### Work order
Images should not appear in the copy, yet every line of the listing below must be printed exactly.

### Data provided
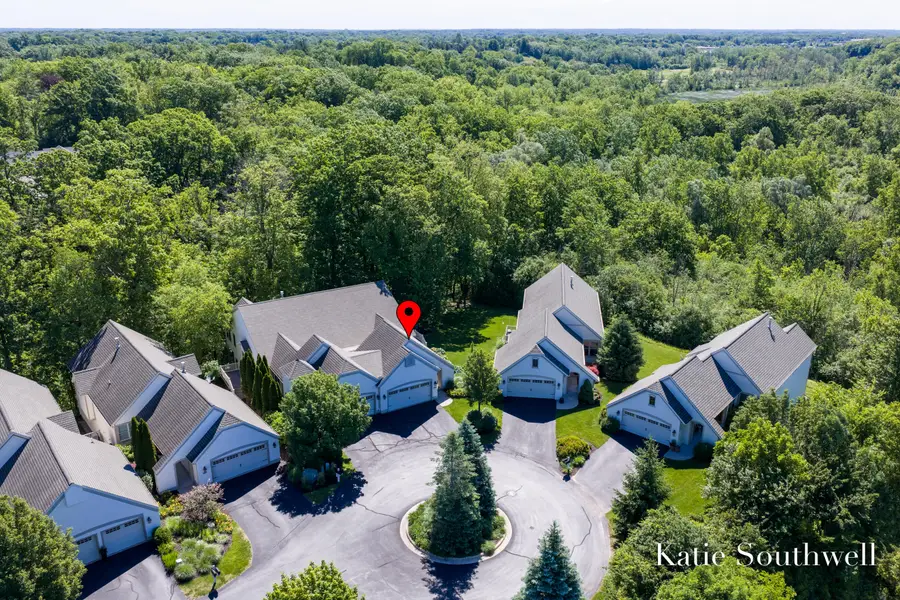 588 Enclave Court Se #20, Grand Rapids, MI 49546 - #3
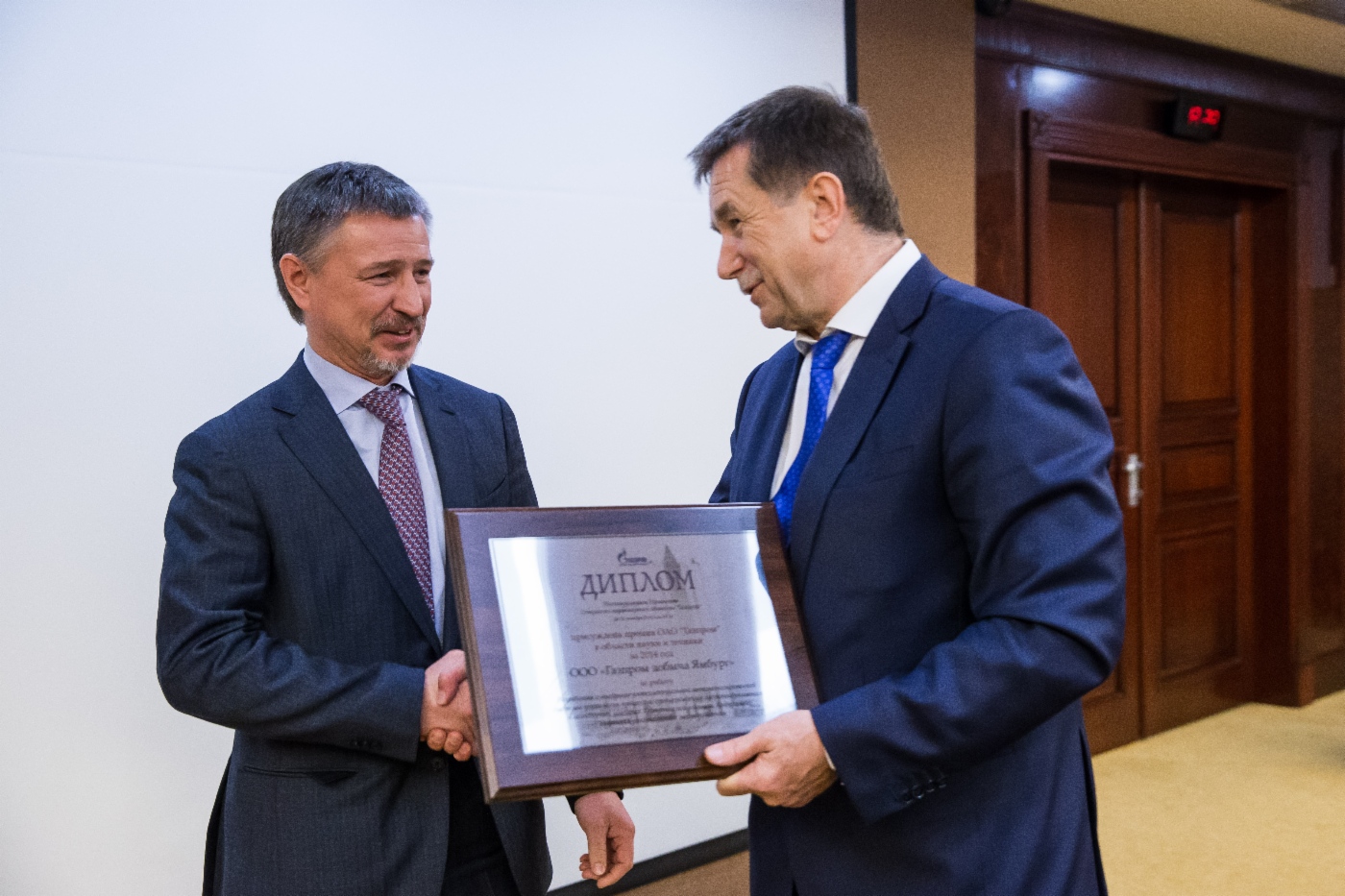 Sergey Khomyakov (rechts) gratulierte Oleg Andreev, Generaldirektor der OOO Gazprom Dobycha Yamburg, zur Preisverleihung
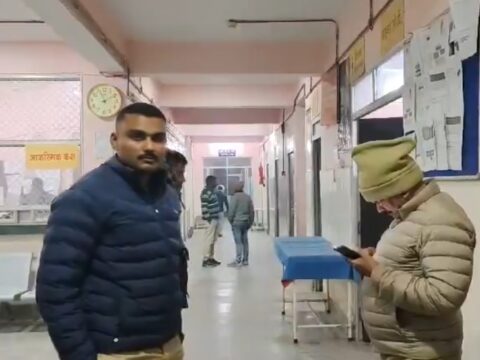 पुरानी रंजिश में घात लगाकर बैठे दबंगों ने युवक को लाठी डंडों से पीटा,पैर में मारी गोली,गंभीर हालत में जिला अस्पताल में भर्ती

### Reply
 588 Enclave Court Se #20, Grand Rapids, MI 49546 - #3
 Sergey Khomyakov (rechts) gratulierte Oleg Andreev, Generaldirektor der OOO Gazprom Dobycha Yamburg, zur Preisverleihung
 पुरानी रंजिश में घात लगाकर बैठे दबंगों ने युवक को लाठी डंडों से पीटा,पैर में मारी गोली,गंभीर हालत में जिला अस्पताल में भर्ती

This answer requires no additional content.